3.- E’ intervenuta nel giudizio l’Associazione Dimore Storiche Italiane (ADSI), ente senza scopo di lucro riconosciuto con d.P.R. 26 novembre 1990, anch’essa concludendo per l’infondatezza della questione.
4.- Con ordinanza pronunciata all’udienza del 28 ottobre 2003, l’intervento in giudizio dell’ADSI è stato dichiarato inammissibile.
Considerato in diritto
La norma – in quanto applicabile, per diritto vivente, anche agli immobili locati – contrasterebbe, secondo il rimettente, sia con il principio di capacità contributiva, in ragione dell’ingiustificata ampiezza del beneficio fiscale attribuito ai proprietari locatori di immobili vincolati, sia con il principio di eguaglianza, a causa, da un lato, della disparità di trattamento rispetto ai proprietari di immobili locati non vincolati e, dall’altro, della omogeneità di trattamento, in deroga ai principi generali in tema di imposizione su reddito dei fabbricati, rispetto ai proprietari di immobili vincolati non locati.

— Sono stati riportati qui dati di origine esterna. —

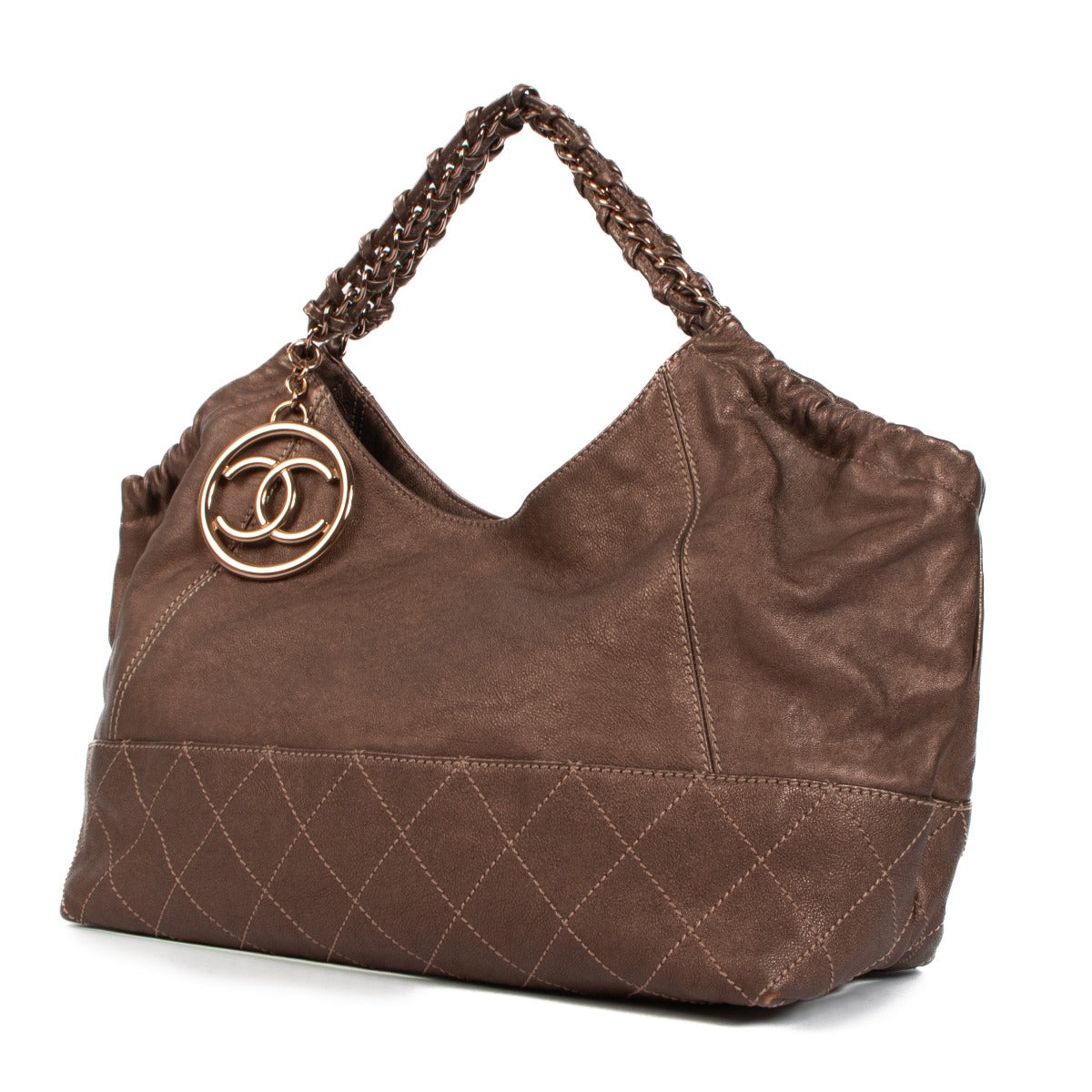 Chanel Bronze Leather Coco Cabas Shoulder Bag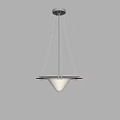 Modern Pendant Light Featuring Metal Ring Frame Multiple Cables And Cone Shade For Interior 3d model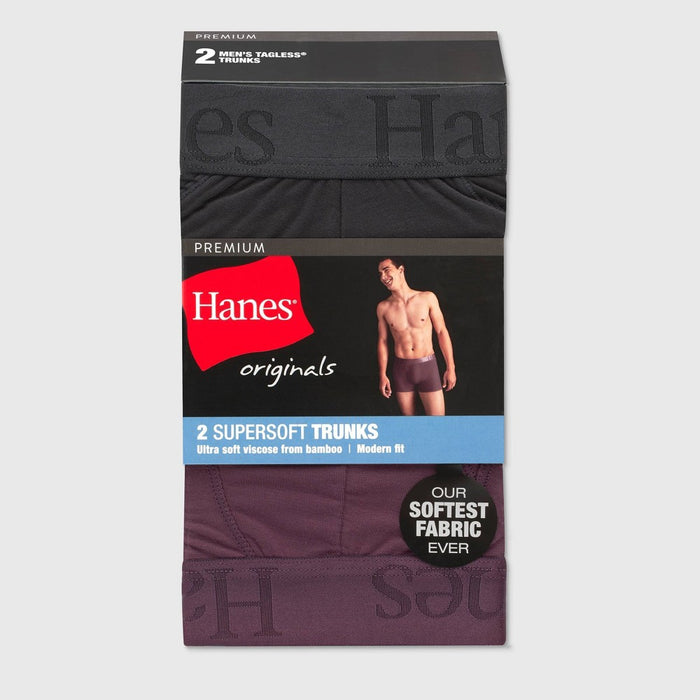 Hanes Originals Premium Men's SuperSoft Trunks 2pk - Purple/Black L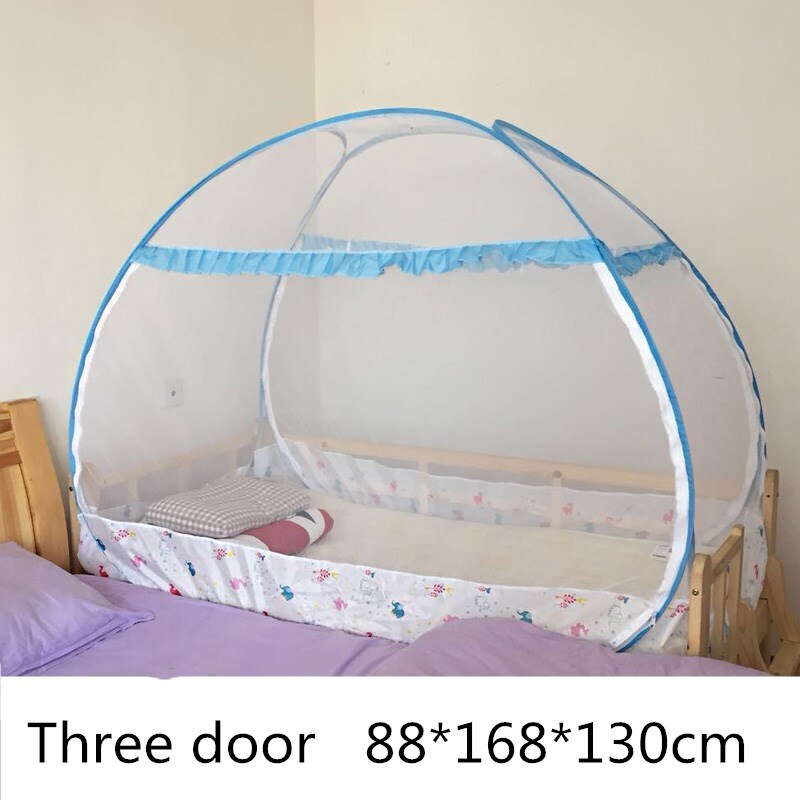 Draagbare Babybedje Klamboe Kinderbedje Anti-Mosquito Tent Mongoolse Yurts Kinderen Klamboe Vouwen Camping: blue 88x168x130cm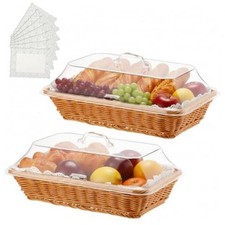 2 Packs Bread Baskets for Serving with 14.17x10.24x2.56 inch, 11.81x15.75 inch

2.- La questione non è fondata.
2.1- Va, anzitutto, precisato che le disposizioni legislative che accordano agevolazioni e benefici tributari di qualsiasi specie possono essere ritenute lesive del canone di ragionevolezza, evocato dal rimettente, nei soli casi della palese arbitrarietà o irrazionalità (cfr. sentenze n. 431 del 1997 e n. 113 del 1996, ordinanza n. 27 del 2001).
E ciò vale a maggior ragione quando, come nella specie, la questione di costituzionalità sia diretta a limitare e non ad ampliare l’ambito del beneficio e risulti, quindi, sollevata in malam partem.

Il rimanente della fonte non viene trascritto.